The Prime Minister has revealed the manufacturing industries that are set to receive priority status in next week’s federal budget. These industries will benefit from $1.5 billion in new investment to hasten their post-COVID-19 recovery. The selection of these industries has been based on Australia’s unique competitive advantages, the necessity of supply-chain security, and the government’s ability to create a more efficient business environment.

‘Australia has a competitive manufacturing advantage in several areas, including medical items, mining equipment and food products,’ said IBISWorld Senior Industry Analyst Matthew Reeves. ‘Leveraging Australia’s advanced manufacturing capabilities is a big growth opportunity.’

The $1.5 billion will be spent over four years, including $52.8 million in grants that will offer $1 in public investment for every $3 provided by private backers. Research into supply-chain resiliency will receive $107.2 million, being a major focus after the disruption caused by the COVID-19 pandemic. Close to $1.3 billion will be used to fund major manufacturing projects, attracting large investors from overseas.

‘Australia cannot compete in the manufacture of low-value labour-intensive items such as clothing and footwear. However, that does not mean we cannot manufacture in Australia at all,’ said Mr Reeves.

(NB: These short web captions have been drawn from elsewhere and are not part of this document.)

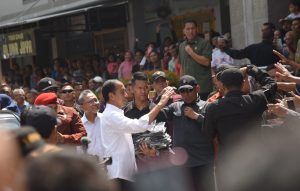 Kunjungi Pasar Seketeng Sumbawa, Jokowi Beri Bantuan Tunai Kepada Pedagang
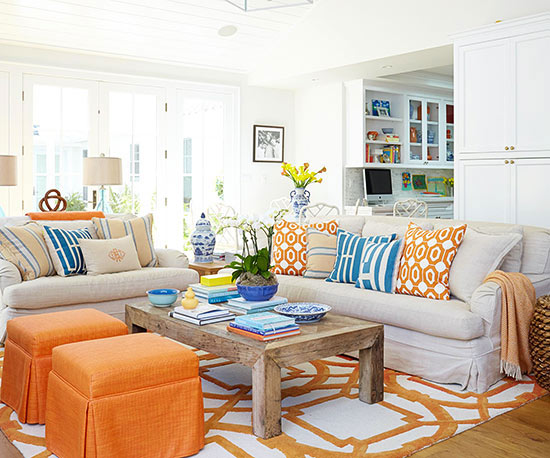 Оранжев модерен диван в хола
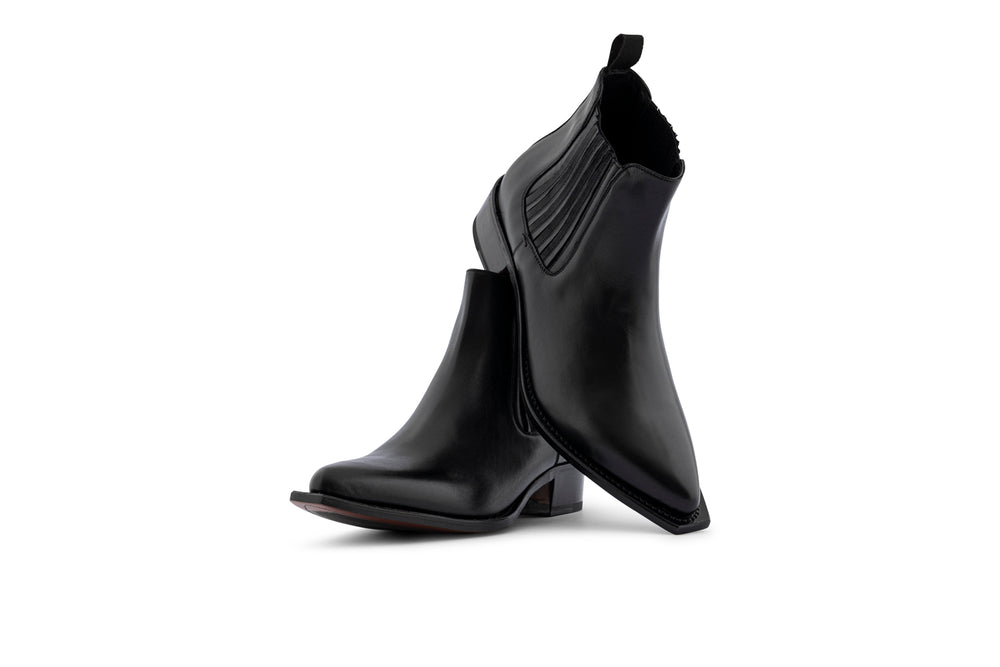 Botín tejano de piel con elástico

The industries prioritised by the Federal Government include:

Recycling and clean energy

The Waste Remediation and Materials Recovery Services industry, which includes recycling activities, is set to receive a boost from government support. The recycling industry was thrown into chaos in early 2020, following a series of announcements from Asian nations that they would no longer accept imports of contaminated recycling waste from Australia. Revenue for the industry is expected to grow at an annualised 1.1% over the five years through 2020-21, to total $4.6 billion.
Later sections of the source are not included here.